アンケート調査
乳がんの抗がん剤治療に朗報!
学校法人 順天堂
2025.07.23 10:10
―副作用が少なく、しっかり吐き気を抑えてくれる第4の制吐剤少量投与の有効性と安全性に関する研究報告―
順天堂大学大学院医学研究科乳腺腫瘍学の齊藤光江特任教授、岐阜大学附属病院薬剤部の飯原大稔博士、および順天堂大学薬学部の尾関理恵准教授ら合計15医療機関の共同研究グループは、乳がんに対する高度に吐き気を誘発する抗癌剤治療において、3種類の制吐剤点滴に加えて、オランザピンという内服薬が、これまで推奨されてきた10mgの半量で、安全かつ顕著に吐き気や嘔吐を抑えるということを明らかにしました。
高度に嘔気嘔吐を誘発する抗癌剤には、セロトニン受容体やNK-1受容体の拮抗剤、デキサメタゾンの3剤併用制吐療法が推奨されてきました。近年オランザピン10mgの4日間内服を加えると、更に制吐効果を高めることが示されましたが、ふらつき等の副作用が問題でした。主に入院治療のシスプラチンには5mgの有効性が示されましたが、乳がんのAC療法*¹は、通院治療が主であり、更に高い安全性が求められました。

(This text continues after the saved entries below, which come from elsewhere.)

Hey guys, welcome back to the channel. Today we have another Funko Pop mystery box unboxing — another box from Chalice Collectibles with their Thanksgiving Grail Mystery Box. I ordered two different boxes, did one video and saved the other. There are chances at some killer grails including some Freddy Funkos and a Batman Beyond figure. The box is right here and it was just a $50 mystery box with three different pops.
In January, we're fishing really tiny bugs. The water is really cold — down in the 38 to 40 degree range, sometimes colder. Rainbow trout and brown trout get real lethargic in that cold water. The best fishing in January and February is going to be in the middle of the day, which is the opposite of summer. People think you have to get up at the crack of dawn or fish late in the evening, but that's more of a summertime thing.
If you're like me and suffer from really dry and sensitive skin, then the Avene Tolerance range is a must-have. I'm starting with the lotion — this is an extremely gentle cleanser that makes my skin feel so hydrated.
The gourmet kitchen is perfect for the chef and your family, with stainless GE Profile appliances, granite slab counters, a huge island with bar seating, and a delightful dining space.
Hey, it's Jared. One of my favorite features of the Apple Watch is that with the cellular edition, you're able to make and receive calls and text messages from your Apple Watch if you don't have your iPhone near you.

そこで、研究グループは国内15施設500人の乳がん患者を対象にAC療法開始から120時間以内に「嘔吐なし、救済治療(吐き気止めの頓服)なし」を表す完全奏功(CR)を3剤併用にオランザピン5mgを加える群と、プラセボを加える群に無作為割付し、患者日誌を用いて評価しました。

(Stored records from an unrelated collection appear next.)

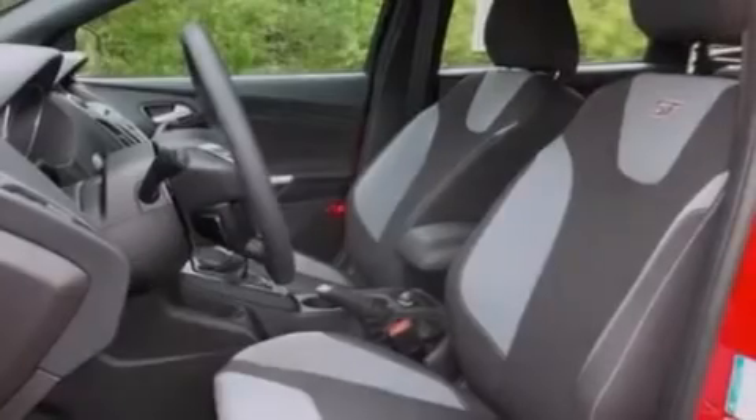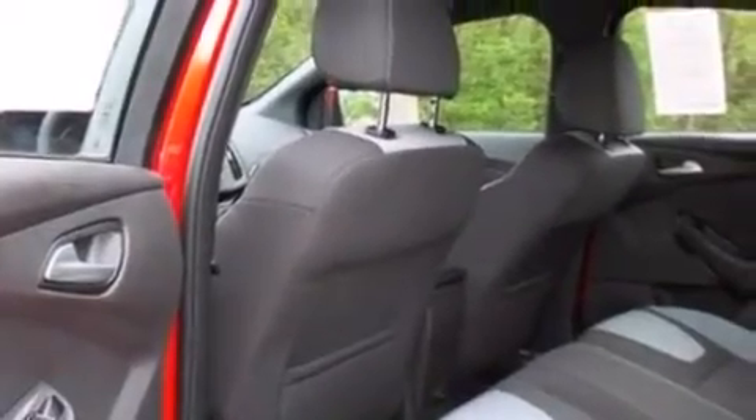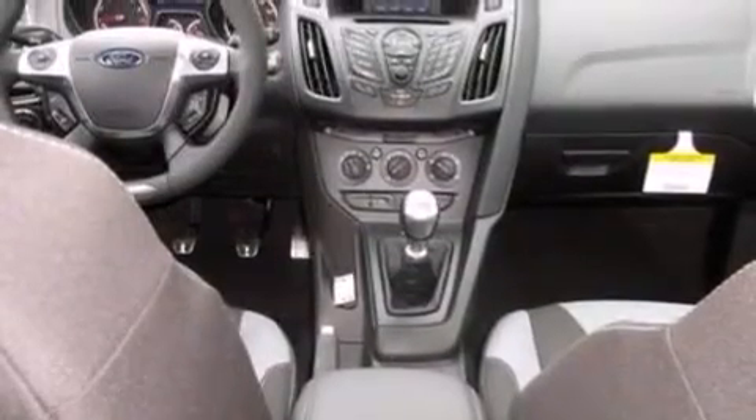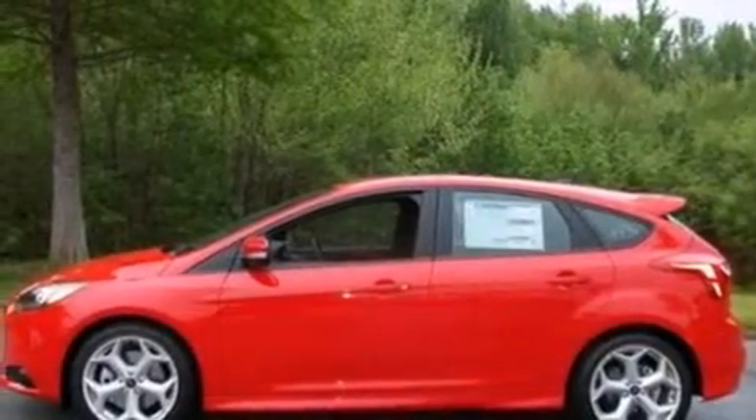The following features are also included: air conditioning, cruise control, full power accessories, a 6-speaker audio system, a leather-wrapped steering wheel, side curtain airbags, rear seat child-proof door locks, a CD player, a keyless entry system, and an auxiliary power outlet.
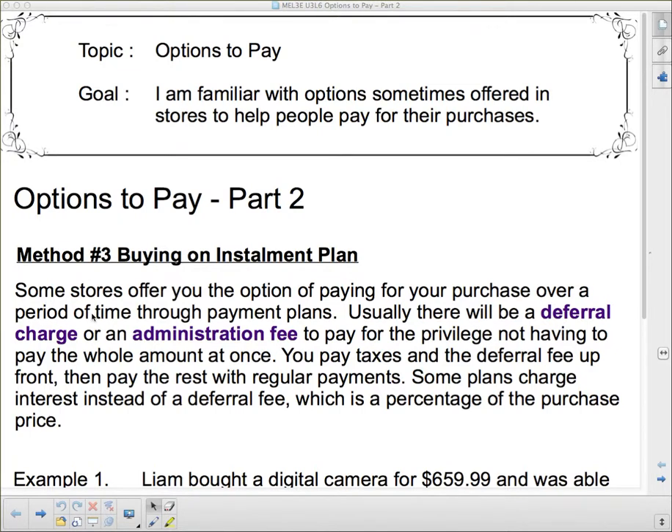Some stores offer you the option of paying for your purchase over a period of time through payment plans. Usually there will be a deferral charge — that's important. You do have to pay for the opportunity to defer your payments till later, which is what an installment plan does. Sometimes it's called an administration fee, to pay for the privilege of not having to pay the whole amount at once. Some plans charge interest instead of a deferral fee, which is a percentage of the purchase price.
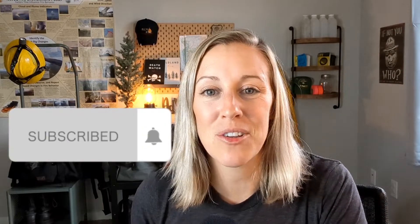Hit that notification bell so you guys know when I upload. We just finished up a series on passive streams of income, which I highly suggest you should go check that out. But it's been a while since we've done any fire education videos, so I figured let's just talk about topography today.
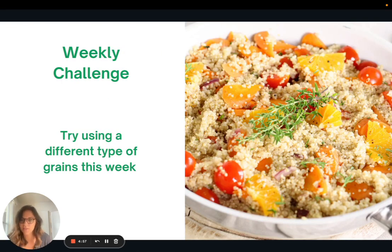For the weekly challenge this week, I want to challenge you to try using a different type of grain. Who knows, you might find your new favorite — something maybe that's easier to cook or something that the whole family enjoys. That is it for today. Thank you so much for joining me, and I look forward to seeing you all next week.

その結果、CR率は、オランザピン群(58·1%)で、プラセボ群(35·5%)に比して顕著に高く、安全性の高さも証明されました。少量で有効かつ安全な治療は患者の経済的負担軽減にもつながり、昨今問題になっている経済毒性への一つの対処法にもなります。
本論文はThe Lancet Oncologyのオンライン版に2024年6月17日付で公開されました。